WHAT TO DO> Please return the records below exactly as they stand.

DATA>
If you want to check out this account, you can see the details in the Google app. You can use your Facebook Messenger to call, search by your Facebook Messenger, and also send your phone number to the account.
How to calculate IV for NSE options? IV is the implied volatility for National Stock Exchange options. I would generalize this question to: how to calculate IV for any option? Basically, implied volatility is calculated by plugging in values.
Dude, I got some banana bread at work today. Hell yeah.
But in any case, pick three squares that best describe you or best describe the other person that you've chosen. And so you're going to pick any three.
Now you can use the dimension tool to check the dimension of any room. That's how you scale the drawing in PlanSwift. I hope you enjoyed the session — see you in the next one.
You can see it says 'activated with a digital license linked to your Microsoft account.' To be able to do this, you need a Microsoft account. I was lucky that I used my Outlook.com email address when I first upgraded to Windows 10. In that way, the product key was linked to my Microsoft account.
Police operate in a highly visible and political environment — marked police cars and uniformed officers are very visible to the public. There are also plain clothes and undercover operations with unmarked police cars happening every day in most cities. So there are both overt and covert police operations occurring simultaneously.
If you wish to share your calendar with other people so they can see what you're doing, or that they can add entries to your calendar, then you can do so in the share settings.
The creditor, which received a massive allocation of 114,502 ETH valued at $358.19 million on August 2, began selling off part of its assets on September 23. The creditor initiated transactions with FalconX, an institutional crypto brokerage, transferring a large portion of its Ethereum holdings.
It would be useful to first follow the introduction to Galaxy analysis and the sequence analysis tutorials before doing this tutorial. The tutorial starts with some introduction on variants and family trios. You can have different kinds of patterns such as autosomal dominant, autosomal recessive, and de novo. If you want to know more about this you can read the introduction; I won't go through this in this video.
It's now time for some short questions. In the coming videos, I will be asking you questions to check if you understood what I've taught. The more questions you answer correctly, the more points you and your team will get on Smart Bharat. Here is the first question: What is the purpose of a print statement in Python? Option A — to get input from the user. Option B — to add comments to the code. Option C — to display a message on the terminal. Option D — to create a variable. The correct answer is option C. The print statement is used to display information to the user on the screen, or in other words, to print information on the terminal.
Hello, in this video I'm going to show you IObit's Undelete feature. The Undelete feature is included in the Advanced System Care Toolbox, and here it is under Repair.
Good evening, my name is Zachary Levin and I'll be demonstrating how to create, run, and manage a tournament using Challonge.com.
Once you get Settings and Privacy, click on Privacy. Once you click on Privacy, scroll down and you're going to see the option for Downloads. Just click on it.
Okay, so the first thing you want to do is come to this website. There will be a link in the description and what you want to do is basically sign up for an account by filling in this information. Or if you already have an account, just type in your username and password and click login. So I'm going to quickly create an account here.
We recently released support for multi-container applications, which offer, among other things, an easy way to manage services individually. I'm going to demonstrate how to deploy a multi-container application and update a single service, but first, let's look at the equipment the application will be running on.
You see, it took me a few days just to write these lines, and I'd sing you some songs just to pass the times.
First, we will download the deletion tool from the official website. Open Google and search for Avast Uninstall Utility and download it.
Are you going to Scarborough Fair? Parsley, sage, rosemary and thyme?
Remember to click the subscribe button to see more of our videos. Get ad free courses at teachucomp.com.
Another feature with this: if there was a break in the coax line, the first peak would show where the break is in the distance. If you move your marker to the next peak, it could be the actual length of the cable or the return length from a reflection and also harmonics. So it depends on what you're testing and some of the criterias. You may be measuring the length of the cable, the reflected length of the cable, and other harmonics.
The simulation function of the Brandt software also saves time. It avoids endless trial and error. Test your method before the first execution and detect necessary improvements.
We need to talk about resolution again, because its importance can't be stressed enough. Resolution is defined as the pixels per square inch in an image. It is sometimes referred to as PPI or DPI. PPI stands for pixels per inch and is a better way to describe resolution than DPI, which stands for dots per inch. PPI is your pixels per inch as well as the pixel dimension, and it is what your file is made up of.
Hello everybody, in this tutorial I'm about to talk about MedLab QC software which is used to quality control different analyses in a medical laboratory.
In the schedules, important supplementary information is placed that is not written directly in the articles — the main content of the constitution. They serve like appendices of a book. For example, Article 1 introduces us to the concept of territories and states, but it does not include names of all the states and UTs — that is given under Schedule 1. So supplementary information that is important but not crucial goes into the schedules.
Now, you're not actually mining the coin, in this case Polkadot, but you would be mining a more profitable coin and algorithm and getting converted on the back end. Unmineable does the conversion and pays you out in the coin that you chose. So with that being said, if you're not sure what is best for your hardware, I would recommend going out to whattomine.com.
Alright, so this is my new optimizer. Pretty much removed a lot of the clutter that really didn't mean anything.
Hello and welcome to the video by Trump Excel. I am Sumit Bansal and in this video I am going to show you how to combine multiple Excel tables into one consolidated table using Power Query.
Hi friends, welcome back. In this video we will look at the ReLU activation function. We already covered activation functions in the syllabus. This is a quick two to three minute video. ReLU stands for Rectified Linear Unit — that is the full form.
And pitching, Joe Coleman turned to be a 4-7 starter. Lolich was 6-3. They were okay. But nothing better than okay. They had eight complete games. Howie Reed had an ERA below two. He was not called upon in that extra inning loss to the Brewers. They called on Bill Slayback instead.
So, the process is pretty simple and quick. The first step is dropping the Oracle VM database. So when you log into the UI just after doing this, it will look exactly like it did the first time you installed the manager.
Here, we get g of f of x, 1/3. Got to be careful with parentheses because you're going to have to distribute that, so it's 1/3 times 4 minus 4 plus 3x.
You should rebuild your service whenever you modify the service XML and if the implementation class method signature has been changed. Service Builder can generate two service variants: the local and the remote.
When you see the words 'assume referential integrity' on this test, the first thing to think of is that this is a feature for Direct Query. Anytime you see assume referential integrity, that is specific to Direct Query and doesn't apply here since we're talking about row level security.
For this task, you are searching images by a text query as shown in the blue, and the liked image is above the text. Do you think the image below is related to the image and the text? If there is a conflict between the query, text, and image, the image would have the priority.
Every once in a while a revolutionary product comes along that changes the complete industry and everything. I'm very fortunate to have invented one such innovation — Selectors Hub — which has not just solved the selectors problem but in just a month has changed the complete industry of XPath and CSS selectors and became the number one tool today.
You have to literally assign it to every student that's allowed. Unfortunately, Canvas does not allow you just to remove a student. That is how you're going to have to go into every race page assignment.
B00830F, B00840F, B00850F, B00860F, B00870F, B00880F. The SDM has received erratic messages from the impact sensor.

RESPONSE TO THE EXERCISE>
If you want to check out this account, you can see the details in the Google app. You can use your Facebook Messenger to call, search by your Facebook Messenger, and also send your phone number to the account.
How to calculate IV for NSE options? IV is the implied volatility for National Stock Exchange options. I would generalize this question to: how to calculate IV for any option? Basically, implied volatility is calculated by plugging in values.
Dude, I got some banana bread at work today. Hell yeah.
But in any case, pick three squares that best describe you or best describe the other person that you've chosen. And so you're going to pick any three.
Now you can use the dimension tool to check the dimension of any room. That's how you scale the drawing in PlanSwift. I hope you enjoyed the session — see you in the next one.
You can see it says 'activated with a digital license linked to your Microsoft account.' To be able to do this, you need a Microsoft account. I was lucky that I used my Outlook.com email address when I first upgraded to Windows 10. In that way, the product key was linked to my Microsoft account.
Police operate in a highly visible and political environment — marked police cars and uniformed officers are very visible to the public. There are also plain clothes and undercover operations with unmarked police cars happening every day in most cities. So there are both overt and covert police operations occurring simultaneously.
If you wish to share your calendar with other people so they can see what you're doing, or that they can add entries to your calendar, then you can do so in the share settings.
The creditor, which received a massive allocation of 114,502 ETH valued at $358.19 million on August 2, began selling off part of its assets on September 23. The creditor initiated transactions with FalconX, an institutional crypto brokerage, transferring a large portion of its Ethereum holdings.
It would be useful to first follow the introduction to Galaxy analysis and the sequence analysis tutorials before doing this tutorial. The tutorial starts with some introduction on variants and family trios. You can have different kinds of patterns such as autosomal dominant, autosomal recessive, and de novo. If you want to know more about this you can read the introduction; I won't go through this in this video.
It's now time for some short questions. In the coming videos, I will be asking you questions to check if you understood what I've taught. The more questions you answer correctly, the more points you and your team will get on Smart Bharat. Here is the first question: What is the purpose of a print statement in Python? Option A — to get input from the user. Option B — to add comments to the code. Option C — to display a message on the terminal. Option D — to create a variable. The correct answer is option C. The print statement is used to display information to the user on the screen, or in other words, to print information on the terminal.
Hello, in this video I'm going to show you IObit's Undelete feature. The Undelete feature is included in the Advanced System Care Toolbox, and here it is under Repair.
Good evening, my name is Zachary Levin and I'll be demonstrating how to create, run, and manage a tournament using Challonge.com.
Once you get Settings and Privacy, click on Privacy. Once you click on Privacy, scroll down and you're going to see the option for Downloads. Just click on it.
Okay, so the first thing you want to do is come to this website. There will be a link in the description and what you want to do is basically sign up for an account by filling in this information. Or if you already have an account, just type in your username and password and click login. So I'm going to quickly create an account here.
We recently released support for multi-container applications, which offer, among other things, an easy way to manage services individually. I'm going to demonstrate how to deploy a multi-container application and update a single service, but first, let's look at the equipment the application will be running on.
You see, it took me a few days just to write these lines, and I'd sing you some songs just to pass the times.
First, we will download the deletion tool from the official website. Open Google and search for Avast Uninstall Utility and download it.
Are you going to Scarborough Fair? Parsley, sage, rosemary and thyme?
Remember to click the subscribe button to see more of our videos. Get ad free courses at teachucomp.com.
Another feature with this: if there was a break in the coax line, the first peak would show where the break is in the distance. If you move your marker to the next peak, it could be the actual length of the cable or the return length from a reflection and also harmonics. So it depends on what you're testing and some of the criterias. You may be measuring the length of the cable, the reflected length of the cable, and other harmonics.
The simulation function of the Brandt software also saves time. It avoids endless trial and error. Test your method before the first execution and detect necessary improvements.
We need to talk about resolution again, because its importance can't be stressed enough. Resolution is defined as the pixels per square inch in an image. It is sometimes referred to as PPI or DPI. PPI stands for pixels per inch and is a better way to describe resolution than DPI, which stands for dots per inch. PPI is your pixels per inch as well as the pixel dimension, and it is what your file is made up of.
Hello everybody, in this tutorial I'm about to talk about MedLab QC software which is used to quality control different analyses in a medical laboratory.
In the schedules, important supplementary information is placed that is not written directly in the articles — the main content of the constitution. They serve like appendices of a book. For example, Article 1 introduces us to the concept of territories and states, but it does not include names of all the states and UTs — that is given under Schedule 1. So supplementary information that is important but not crucial goes into the schedules.
Now, you're not actually mining the coin, in this case Polkadot, but you would be mining a more profitable coin and algorithm and getting converted on the back end. Unmineable does the conversion and pays you out in the coin that you chose. So with that being said, if you're not sure what is best for your hardware, I would recommend going out to whattomine.com.
Alright, so this is my new optimizer. Pretty much removed a lot of the clutter that really didn't mean anything.
Hello and welcome to the video by Trump Excel. I am Sumit Bansal and in this video I am going to show you how to combine multiple Excel tables into one consolidated table using Power Query.
Hi friends, welcome back. In this video we will look at the ReLU activation function. We already covered activation functions in the syllabus. This is a quick two to three minute video. ReLU stands for Rectified Linear Unit — that is the full form.
And pitching, Joe Coleman turned to be a 4-7 starter. Lolich was 6-3. They were okay. But nothing better than okay. They had eight complete games. Howie Reed had an ERA below two. He was not called upon in that extra inning loss to the Brewers. They called on Bill Slayback instead.
So, the process is pretty simple and quick. The first step is dropping the Oracle VM database. So when you log into the UI just after doing this, it will look exactly like it did the first time you installed the manager.
Here, we get g of f of x, 1/3. Got to be careful with parentheses because you're going to have to distribute that, so it's 1/3 times 4 minus 4 plus 3x.
You should rebuild your service whenever you modify the service XML and if the implementation class method signature has been changed. Service Builder can generate two service variants: the local and the remote.
When you see the words 'assume referential integrity' on this test, the first thing to think of is that this is a feature for Direct Query. Anytime you see assume referential integrity, that is specific to Direct Query and doesn't apply here since we're talking about row level security.
For this task, you are searching images by a text query as shown in the blue, and the liked image is above the text. Do you think the image below is related to the image and the text? If there is a conflict between the query, text, and image, the image would have the priority.
Every once in a while a revolutionary product comes along that changes the complete industry and everything. I'm very fortunate to have invented one such innovation — Selectors Hub — which has not just solved the selectors problem but in just a month has changed the complete industry of XPath and CSS selectors and became the number one tool today.
You have to literally assign it to every student that's allowed. Unfortunately, Canvas does not allow you just to remove a student. That is how you're going to have to go into every race page assignment.
B00830F, B00840F, B00850F, B00860F, B00870F, B00880F. The SDM has received erratic messages from the impact sensor.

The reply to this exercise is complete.